For years and years, financial advisers have preached the wisdom of a diversified portfolio, weighted between stocks, bonds and other assets according to an individual’s age and appetite to risk.

But after experiencing the 2008-2009 financial crisis, when nearly all financial markets fell in unison, some investors question that notion – And indeed they are questioning it again now after the recent events mentioned above.

Let’s justify this by taking a quick look at how diversification works

Under normal market conditions, diversification is an effective way to reduce risk.

If you hold just one investment and it performs badly, you could lose all of your money.

If you hold a diversified portfolio with a variety of different investments, it’s much less likely that all of your investments will perform badly at the same time.

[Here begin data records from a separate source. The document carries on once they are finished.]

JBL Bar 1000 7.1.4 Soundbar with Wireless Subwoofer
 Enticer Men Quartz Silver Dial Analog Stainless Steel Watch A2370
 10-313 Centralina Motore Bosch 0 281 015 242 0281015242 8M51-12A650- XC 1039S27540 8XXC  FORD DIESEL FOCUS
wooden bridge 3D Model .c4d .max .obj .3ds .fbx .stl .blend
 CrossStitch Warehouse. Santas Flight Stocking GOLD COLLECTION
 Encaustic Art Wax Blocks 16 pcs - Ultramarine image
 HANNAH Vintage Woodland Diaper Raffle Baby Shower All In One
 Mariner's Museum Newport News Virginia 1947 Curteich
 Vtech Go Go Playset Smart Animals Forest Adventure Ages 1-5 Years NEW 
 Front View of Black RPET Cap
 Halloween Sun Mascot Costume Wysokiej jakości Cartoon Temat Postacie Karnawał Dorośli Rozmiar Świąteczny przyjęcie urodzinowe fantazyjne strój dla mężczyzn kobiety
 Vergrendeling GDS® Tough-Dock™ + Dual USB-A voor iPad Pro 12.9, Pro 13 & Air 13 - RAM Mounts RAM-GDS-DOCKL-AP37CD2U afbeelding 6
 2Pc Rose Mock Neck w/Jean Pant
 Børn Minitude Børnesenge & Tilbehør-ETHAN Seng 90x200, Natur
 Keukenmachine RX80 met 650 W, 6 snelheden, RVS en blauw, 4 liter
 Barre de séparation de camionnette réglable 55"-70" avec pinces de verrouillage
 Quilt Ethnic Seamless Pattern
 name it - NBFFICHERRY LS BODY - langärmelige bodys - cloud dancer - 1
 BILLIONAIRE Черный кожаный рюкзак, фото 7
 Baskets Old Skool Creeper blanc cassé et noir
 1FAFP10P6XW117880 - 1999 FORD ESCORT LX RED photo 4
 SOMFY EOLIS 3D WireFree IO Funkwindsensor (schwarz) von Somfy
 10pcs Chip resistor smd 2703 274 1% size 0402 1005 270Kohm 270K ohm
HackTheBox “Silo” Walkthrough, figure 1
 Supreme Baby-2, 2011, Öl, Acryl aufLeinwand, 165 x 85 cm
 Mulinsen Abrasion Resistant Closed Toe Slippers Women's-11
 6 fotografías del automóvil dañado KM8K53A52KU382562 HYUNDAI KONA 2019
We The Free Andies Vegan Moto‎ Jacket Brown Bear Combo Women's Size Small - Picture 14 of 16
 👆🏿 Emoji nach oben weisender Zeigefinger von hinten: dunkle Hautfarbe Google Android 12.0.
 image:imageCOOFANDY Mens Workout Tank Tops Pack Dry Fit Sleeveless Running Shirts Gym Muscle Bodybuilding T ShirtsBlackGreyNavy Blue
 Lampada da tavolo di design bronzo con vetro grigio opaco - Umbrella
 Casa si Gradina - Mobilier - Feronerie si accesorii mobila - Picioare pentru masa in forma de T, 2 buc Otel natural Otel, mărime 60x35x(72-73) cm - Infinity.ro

The profits you earn on the investments that perform well offset the losses on those that perform poorly.

For example, bonds and stocks often move in opposite directions. When investors expect the economy to weaken and corporate profits to drop, stock prices will likely fall. When this happens, central banks may cut interest rates to reduce borrowing costs and stimulate spending. This causes bond prices to rise.

If your portfolio includes both stocks and bonds, the increase in the value of bonds may help offset the decrease in the value of stocks. The reason for including bonds in a portfolio is not to increase returns but to reduce risk.

In theory, diversification enables you to reduce the risk of your portfolio without sacrificing potential returns. An efficient portfolio has the least possible risk for a given return. Once your portfolio has been fully diversified, you have to take on additional risk to earn a higher potential return on your portfolio.

But I know what you are going to say next: “Occasionally we are not working under ‘normal market conditions’ … What should I do then?”

You should do absolutely nothing different, because the key word there is ‘occasionally’ and history tells us they are rare events that only last for a short period of time – Normality nearly always resumes quite quickly, so you just have to hold your nerve – However difficult that may be at such times.

(And if you needed more evidence!), here are 4 reasons to always diversify your portfolio:

  • Not all types of investments perform well at the same time.

  • Normally, different types of investments are affected differently by world events and changes in economic factors such as interest rates, exchange rates and inflation rates.

  • Diversification enables you to build a portfolio whose risk is smaller than the combined risks of the individual securities.

If your portfolio is not diversified, it will be unnecessarily risky. You will not earn a higher average return for accepting the unnecessary risk.

To Conclude …

Each specific investment has specific risks, so to diversify keeps the risk balanced and lower.

For example, if you invest in a Canadian car company that buys unique parts from a manufacturer in the Eurozone and the price of the Euro goes up in relation to the Canadian dollar, the company’s costs will rise and profits will fall.

In this case, share prices may drop too. Other specific investments won’t be subject to the same risk at the same time. You reduce your overall risk by diversifying your portfolio.

Similarly, you can diversify the bond portion of your portfolio by including a mix of bonds with different credit ratings and durations. This is effective because the values of bonds with strong credit ratings and those of bonds with weak credit ratings respond differently to changes in the economy. Similarly, bond values respond differently to changes in interest rates depending on their duration.

A well-diversified portfolio provides reasonable protection under normal market conditions and diversification works because, in general, asset prices do not move perfectly together.

However, diversification becomes less effective in extreme market conditions – And typically, conditions ONLY become extreme when something unexpected occurs.

Examples are a market crash, government default or a significant world event like 9/11.

But these are the minority of times, and even during these times a diversified portfolio will also limit any losses to less than those investors who are holding an unbalanced portfolio – So in the end it is always better to diversify in both good time and bad.